__GIVEN INFORMATION__
□ □ □ □

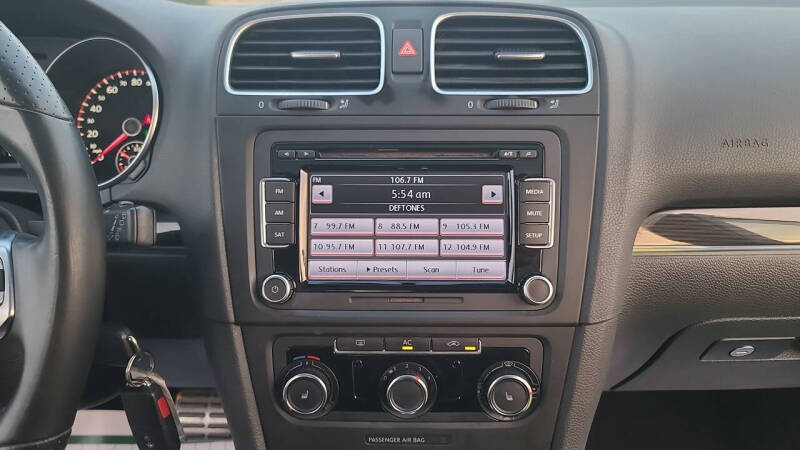 2011 Volkswagen GTI Base PZEV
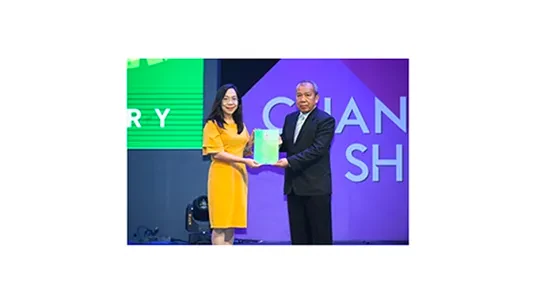 เกียรติบัตรการเป็นสถานประกอบการอุตสาหกรรมที่ดำเนินงานตามหลักเกณฑ์ธรรมาภิบาลสิ่งแวดล้อม ซึ่งกลุ่ม EA ได้รับถึง 2 ใบ กล่าวคือ โรงไฟฟ้าพลังงานแสงอาทิตย์ จ.พิษณุโลก และโรงงานผลิตและจำหน่ายไบโอดีเซลและกลีเซอรีน จ.ปราจีนบุรี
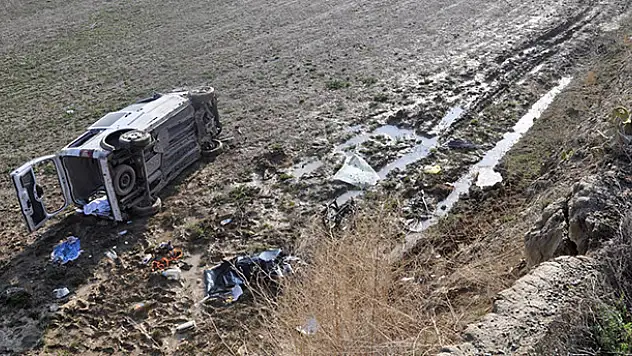 Afayonkarahisar - Konya yolunda kaza : 1 ölü, 4 yaralı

□ □ □ □

__EXERCISE DIRECTIONS__
Repeat the data exactly in full, omitting its pictures.

__RESULT FOR THIS EXERCISE__
 2011 Volkswagen GTI Base PZEV
 เกียรติบัตรการเป็นสถานประกอบการอุตสาหกรรมที่ดำเนินงานตามหลักเกณฑ์ธรรมาภิบาลสิ่งแวดล้อม ซึ่งกลุ่ม EA ได้รับถึง 2 ใบ กล่าวคือ โรงไฟฟ้าพลังงานแสงอาทิตย์ จ.พิษณุโลก และโรงงานผลิตและจำหน่ายไบโอดีเซลและกลีเซอรีน จ.ปราจีนบุรี
 Afayonkarahisar - Konya yolunda kaza : 1 ölü, 4 yaralı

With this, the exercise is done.